L’éventuel lecteur  de mes digressions intempestives qui serait allé au bout m’excusera, et s’il veut bien  garder une seule chose de ces lignes ce pourrait être  : Allez voir « Les arbres remarquables », c’est un documentaire qui non seulement nous montre de beaux arbres mais en outre, donne à voir des rapports profonds et responsables de l’humain à l’arbre… et si vous l’avez vu, conseillez-le tout simplement !

(1) Dès les années 1930, un écologue japonais, Kinji Imanashi avait décrit des mécanismes de coopération inter-espèces et dans une même espèce in  » le Monde des êtres vivants ». Edition Wildproject, domaine Sauvage 2009. Depuis, les observations en ce sens n’ont cessé de se multiplier.

2 et 3) François Terrasson, « La peur de la Nature » édition Sang de la Terre 1988, commenté par Marc Ambroise-Rendu in le Monde 1988 (bien heureux d’avoir conservé l’article dans le livre!)

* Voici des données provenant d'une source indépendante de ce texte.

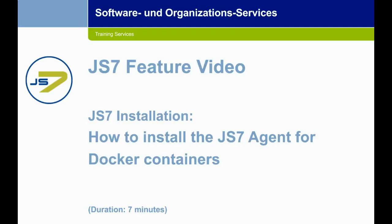Hello all, welcome to our channel SOS Berlin. Here we explain the handling of our JS7 product. Today's topic is how to install JS7 agent with Docker container. Let's get started.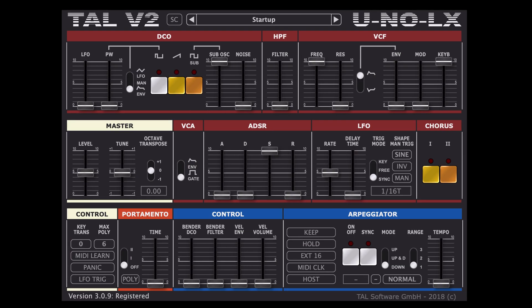Hi and welcome to today's video where we will be learning the Tal Yuno LX v2 VST synth in under 10 minutes.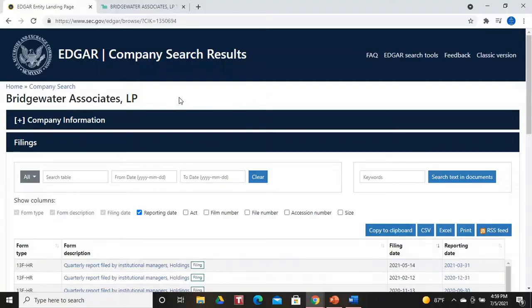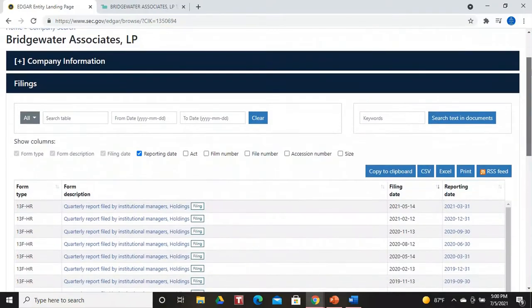So the SEC says these high net worth investors — these people that manage $100 million or more — can file on a quarterly basis. Now, how can you find out what they're doing? There are two ways. You can go directly to the SEC's website, and I will link to all of that. But if you go to the SEC's website, you'll find that the information is laid out in enormous detail, with a little learning curve depending on your investment experience. You can also access other sites like whalewisdom.com — I will go ahead and link to that.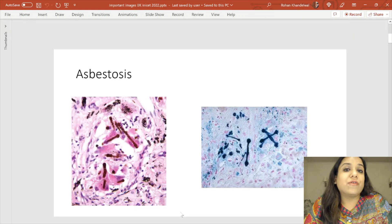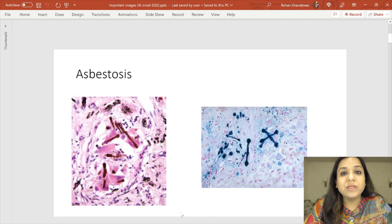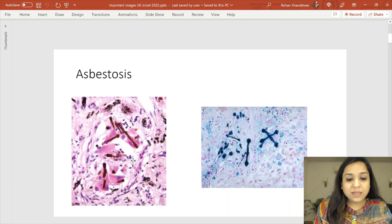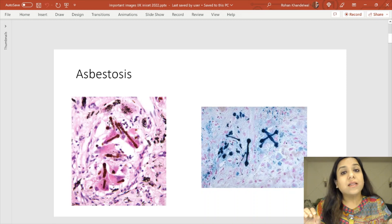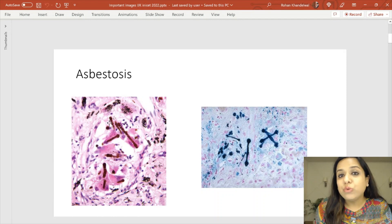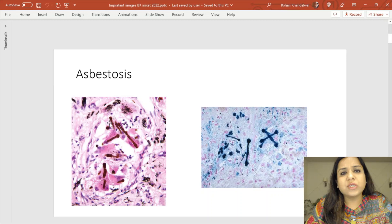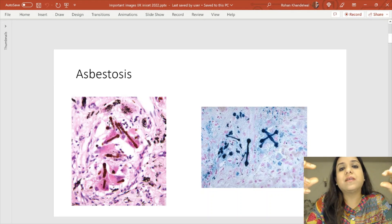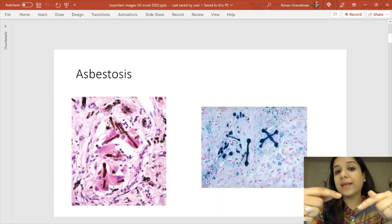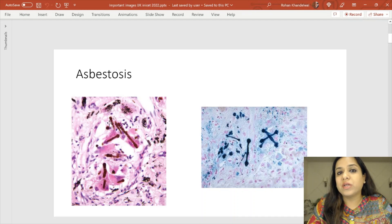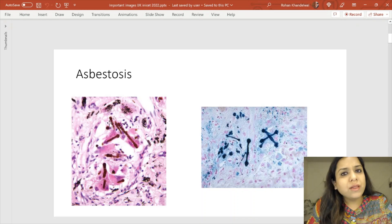The first image is that of ASBESTOSIS, which has been asked multiple times. This is a biopsy from the lung or the pleura. You can see these brownish beaded rod-like structures — these are the ferruginous bodies or ASBESTOS bodies. They are asbestos fibers coated with iron, and because of the iron coating, these bodies will be Prussian blue positive.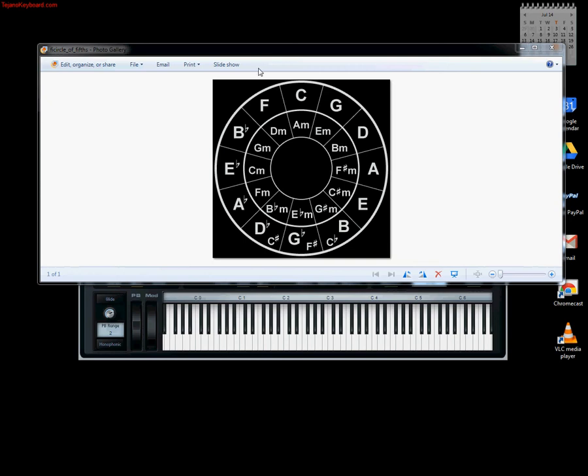Welcome back, this is episode 3, a continuation on the theoretical circle of fifths. Now we will be talking about the circle of fourths, and the reason this is important is to be able to play music in every key.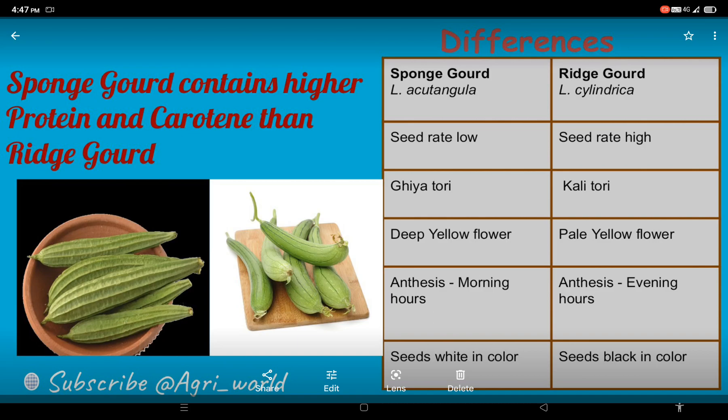If we talk about their similarities, the progenitor of both sponge gourd and ridge gourd is Luffa graveolens. If you talk about their chromosome number, both have the chromosome number 2n equal to 2x equal to 26. There is also a gelatinous compound called luffin present in both — the chromosome numbers are the same in both, and their progenitor is the same.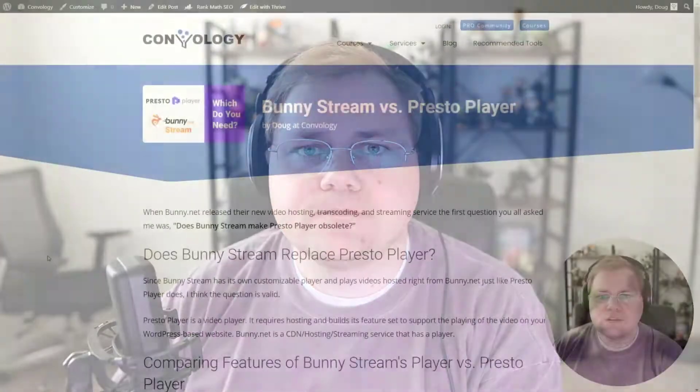When BunnyNet announced BunnyStream, their new hosting, transcoding, and streaming service for videos, a lot of you asked me, does this make PrestoPlayer completely obsolete? Do I even need PrestoPlayer? In this video, I want to look at what PrestoPlayer does that BunnyStream does not, and whether or not you need to purchase PrestoPlayer.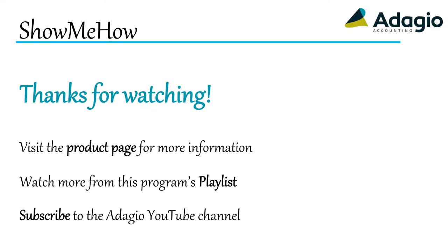Find out more about Adagio from the product page on our website. Watch another training video on this Adagio program from the playlist, or subscribe to the Adagio YouTube channel. Thanks for watching!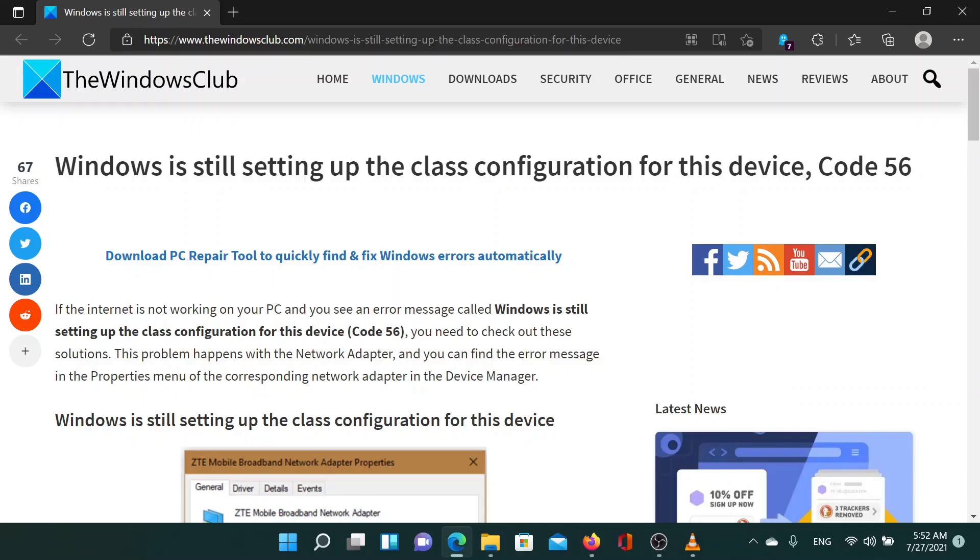Welcome to the Windows Club. If you encounter the error 'Windows is still setting up the class configuration for this device code 56' in the network adapter properties while trying to connect to the internet, then either read through this article on the website or simply watch this video.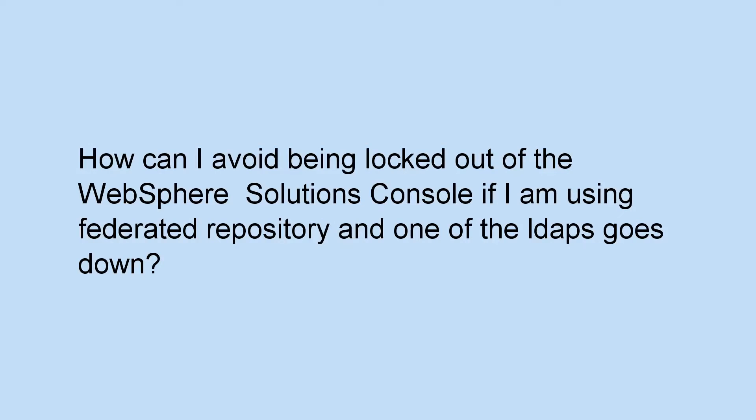How can I avoid being locked out of the WebSphere Solutions Console if I am using Federated Repository and one of the LDAPs goes down?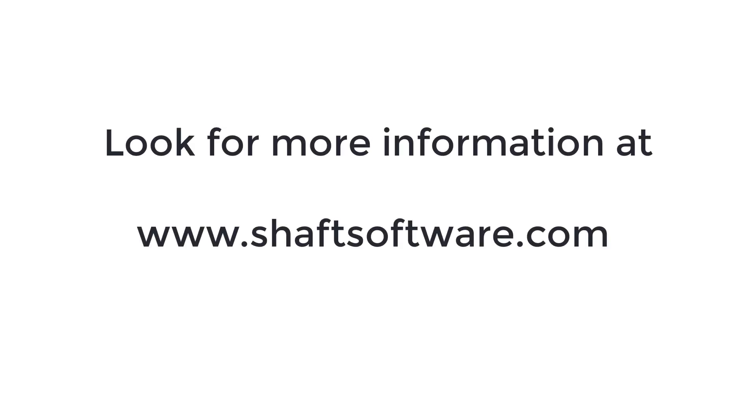Look for more information and the latest news on the website, and subscribe to the channel to keep up with new videos.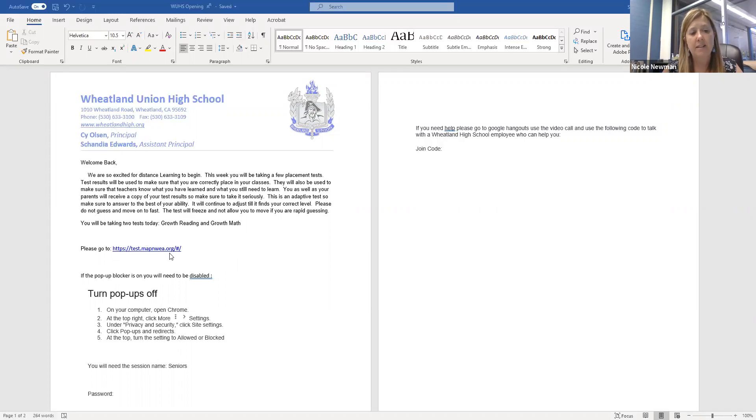It will also tell you exactly where to go to take the test. You need to go to test.map.nwea.org. When you get to the test site, it's going to ask you for a couple things — it's going to ask you for the session name. The session name will be in the email that you receive.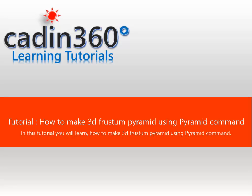Tutorial: How to make 3D Frustum Pyramid using Pyramid Command.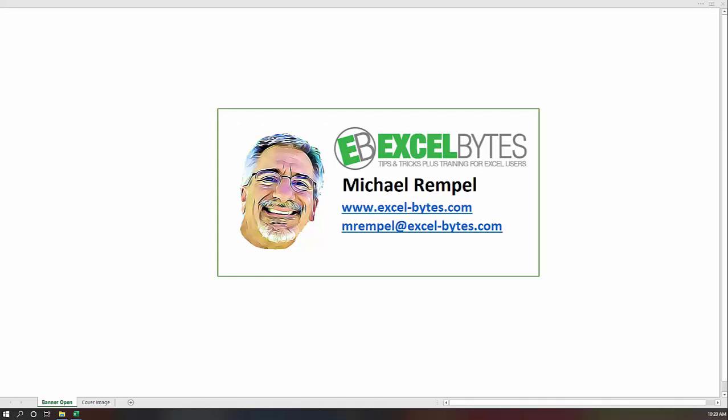Hello everyone, Mike Rempel from Excel Bytes with today's Excel Bytes blog post. Today we're going to take a look at the filter function in Excel.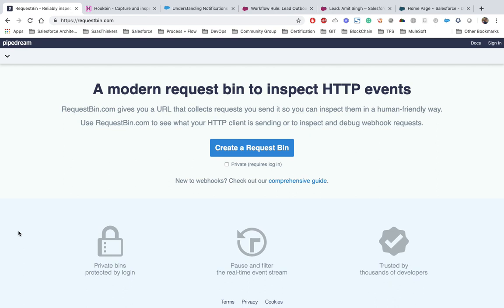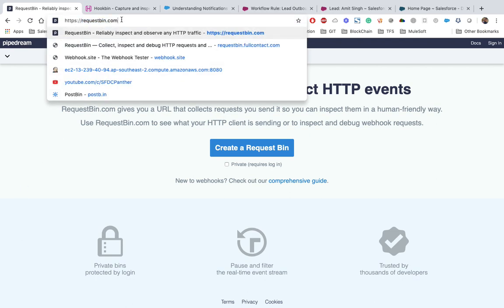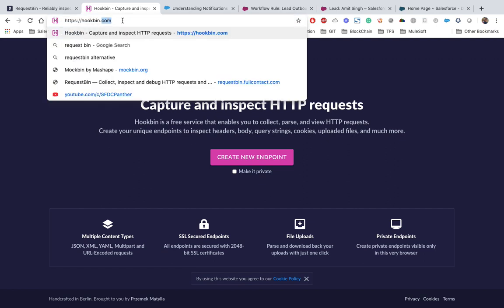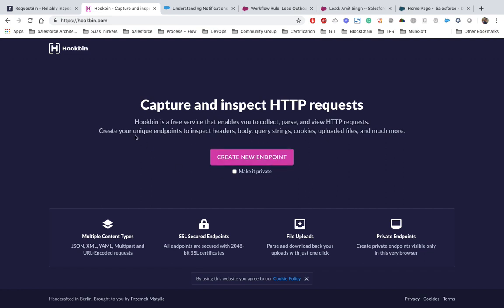Now let's see how we can implement this. The requirement is: whenever an account is created, send the account information to a third-party system to sync with the updated account information. First, we will create a listener using some free available tools — requestbin.com or hookbin.com — then we will create a workflow rule and test it. I will test the workflow rule for two different objects: one for lead and one for account.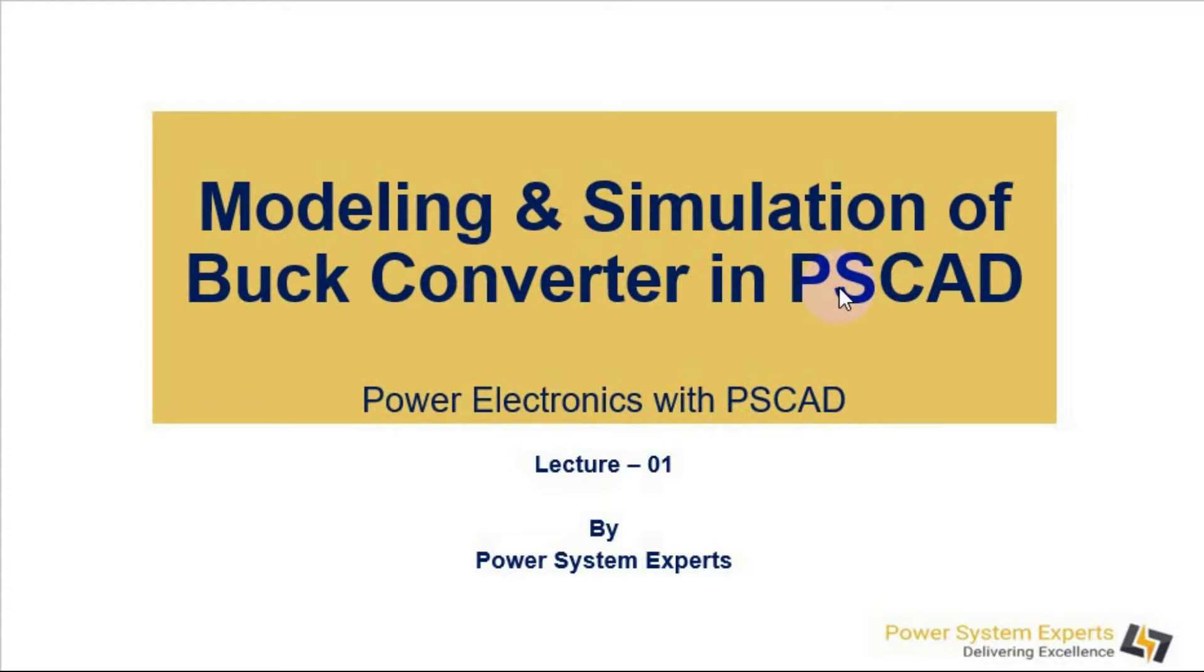Welcome to Power System Experts. This is Power Electronics Series with PSCAD. It is our first session on design and simulation of a buck converter.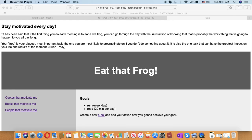This website is called Eat That Frog, meaning that your frog is your biggest most important task, the one you are most likely to procrastinate on if you don't do something about it. There are two main functions of this project.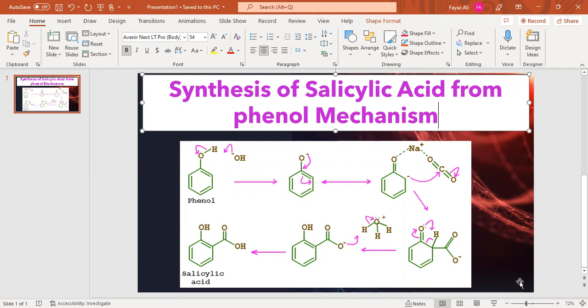Salicylic acid is nothing but 2-hydroxybenzoic acid. Now we are going to learn its mechanism. When phenol is reacted with any base such as sodium hydroxide or potassium hydroxide, the base abstracts the proton from the OH of phenol.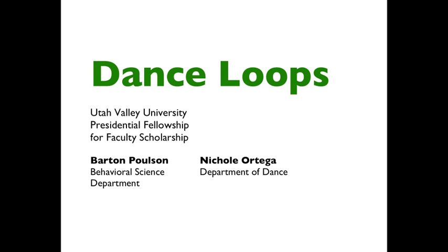Hi, I'm Bart Polson. I'm an associate professor in the Behavioral Science Department here at Utah Valley University, and along with my colleague Nicole Ortega, who is the chair of the Department of Dance at UVU, we're proposing a project that we refer to as Dance Loops for UVU Presidential Fellowship for Faculty Scholarship for the 2012-2013 academic year.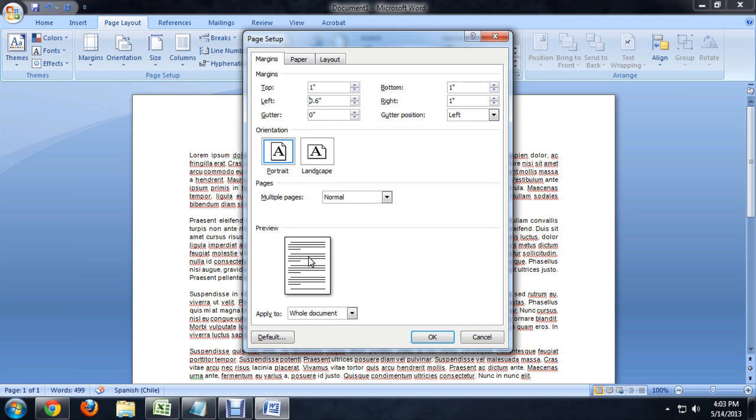I'm going to do the same thing with the right and instead of moving that up we're going to move it down. So you can see both margins are decreasing so it's making the lines in Word quite a bit longer.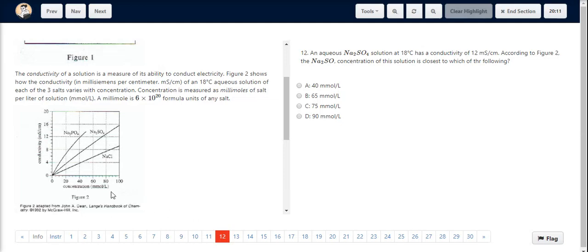For question number 12, we look at figure 2. In figure 2, if we look at sodium sulphate — the line for sodium sulphate — we see that the electrical conductivity at 12 millisiemens per centimetre touches somewhere here. If we drop a vertical line from here, we see that the concentration comes somewhere around 75 millimoles per litre.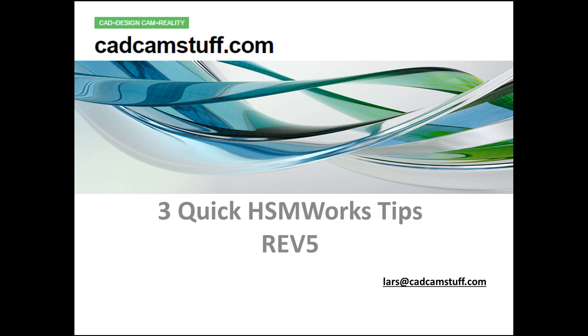Hi everybody, this is Lars from catcamstuff.com. Let's do three quick HSMworks tips, and this is revision number five, which means there are four videos before this. If you're interested in checking those out, subscribe on YouTube or search there. If you're on the blog and go over to the right, you'll see there's an HSMworks category where you'll find the other ones.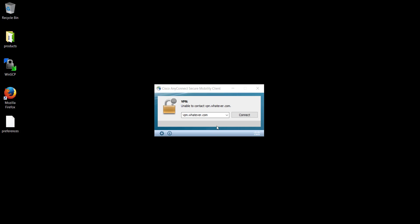Have you ever had this problem that you wanted to remember what was the last URL that you used in AnyConnect? Not the last one, but the penultimate one. The one that you used two weeks ago. And simply AnyConnect doesn't give you that option.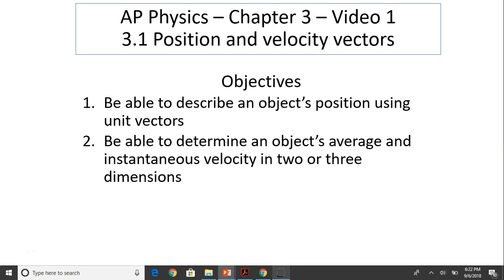Hi, this is Mrs. LaBarbera. This is AP Physics, Chapter 3, Video 1, section 3.1: Position and Velocity Vectors. The objectives for today are: be able to describe an object's position using unit vectors, and be able to determine an object's average and instantaneous velocity in 2 or 3 dimensions.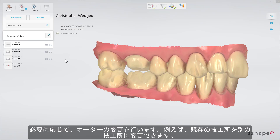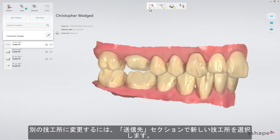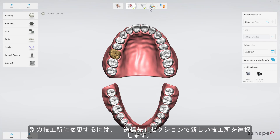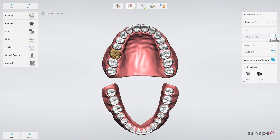Now perform the changes you need. For instance, change the lab to a different one. To do that, select a new lab in the send to section and choose a different lab.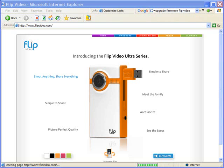The very first thing you want to do is to plug your Flip Video Camcorder into your computer using the USB port. I'm going to do that right now.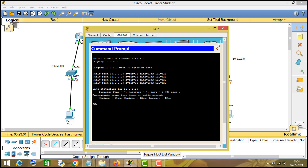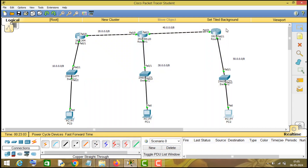This is how you can configure static routing on Packet Tracer. I hope you got something to learn from this video. If you liked it, don't forget to comment below what you liked and what you did not like, and subscribe to this channel because I will post more such videos. Thanks for watching.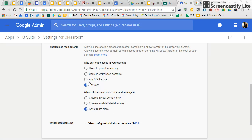So you basically set it so that if somebody makes a classroom in your domain, anyone can join. And if anyone has a classroom somewhere else in the world, they can join.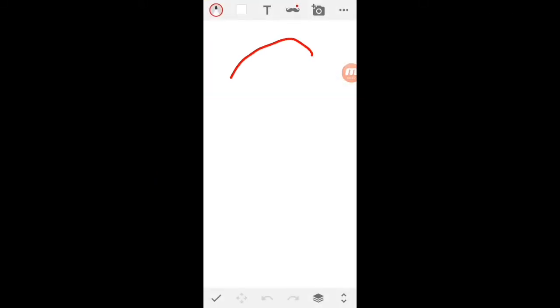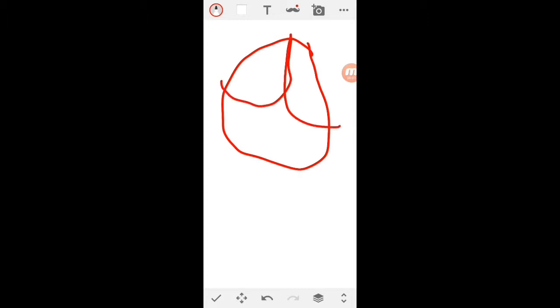Well today I decided to draw another stick figure. You guys might have saw my first episode on YouTube.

4) Alain Baraton « La haine de l’Arbre » Actes Sud 2013, il cite de nombreux cas prouvés d’allégations de maladies pour abattre des arbres, et depuis de grands projets inutiles qu’il cite n’ont pas manqué, pour le plus grand bonheur des prêteurs et du BTP et la mauvaise fortune des arbres gênants)

5) Que la spectatrice et militante soit remerciée pour sa sensible et pertinente intervention concernant le Boulevard de Belles Manières, la politique c’est d’abord ça!

6) Ecouté il y a peu, T.Piketty à la radio qui disait que lors de la fin de l’esclavage aux USA, on n’a pas indemnisé les esclaves, mais leurs »maîtres ».